I didn't run dmesg | grep cpu in time. This is the actual output:
[ 0.000000] Initializing cgroup subsys cpuset
[ 0.000000] Initializing cgroup subsys cpu
[ 0.000000] x86 PAT enabled: cpu 0, old 0x7040600070406, new 0x7010600070106
[ 0.000000] ACPI: SSDT 7f6e2000 00655 (v01 PmRef CpuPm 00003000 INTL 20061109)
[ 0.000000] SMP: Allowing 4 CPUs, 2 hotplug CPUs
[ 0.000000] setup_percpu: NR_CPUS:32 nr_cpumask_bits:32 nr_cpu_ids:4 nr_node_ids:1
[ 0.000000] PERCPU: Embedded 14 pages/cpu @f79b9000 s33280 r0 d24064 u57344
[ 0.000000] pcpu-alloc: s33280 r0 d24064 u57344 alloc=14*4096
[ 0.000000] pcpu-alloc: [0] 0 [0] 1 [0] 2 [0] 3
[ 0.000000] Initializing CPU#0
[ 0.000000] CPU 0 irqstacks, hard=f5406000 soft=f5408000
[ 0.000341] Initializing cgroup subsys cpuacct
[ 0.000445] CPU: Physical Processor ID: 0
[ 0.000448] CPU: Processor Core ID: 0
[ 0.000453] mce: CPU supports 5 MCE banks
[ 0.000464] CPU0: Thermal monitoring enabled (TM1)

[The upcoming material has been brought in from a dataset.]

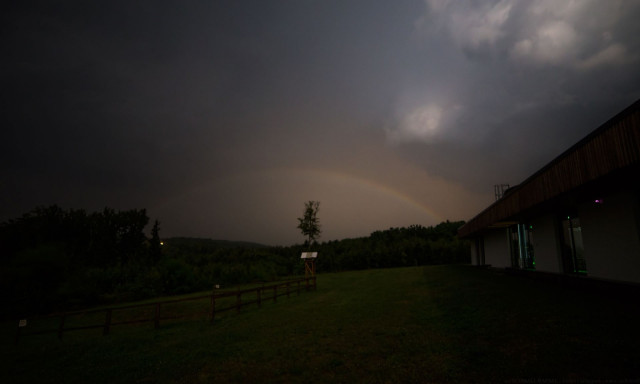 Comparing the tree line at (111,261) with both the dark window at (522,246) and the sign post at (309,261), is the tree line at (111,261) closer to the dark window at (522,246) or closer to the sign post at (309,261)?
the sign post at (309,261)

[ 0.047909] CPU0: Intel(R) Atom(TM) CPU D2500 @ 1.86GHz stepping 01
[ 0.154124] CPU 1 irqstacks, hard=f54d4000 soft=f54d6000
[ 0.154133] smpboot cpu 1: start_ip = 99000
[ 0.164082] Initializing CPU#1
[ 0.261500] Brought up 2 CPUs
[ 1.231616] cpuidle: using governor ladder
[ 1.231620] cpuidle: using governor menu
[ 2.230968] microcode: CPU0 sig=0x30661, pf=0x4, revision=0x106
[ 2.235640] microcode: CPU1 sig=0x30661, pf=0x4, revision=0x106
[ 5.572464] coretemp coretemp.0: Unable to read TjMax from CPU 0
[ 5.572507] coretemp coretemp.0: Unable to read TjMax from CPU 1
So yes, I suppose it detects my CPU.
I do confirm that 'dmesg | grep pstate' outputs nothing though.
Quote:
I am wondering which distribution in which version you are running
|
I'm using CrunchBang 11 "Waldorf". Might be hipster-y, but the newer and more mainstream ones made the screen flicker like crazy and I didn't possess (nor I do now) the skill to fix that. This distro worked out of the box and I was happy with that.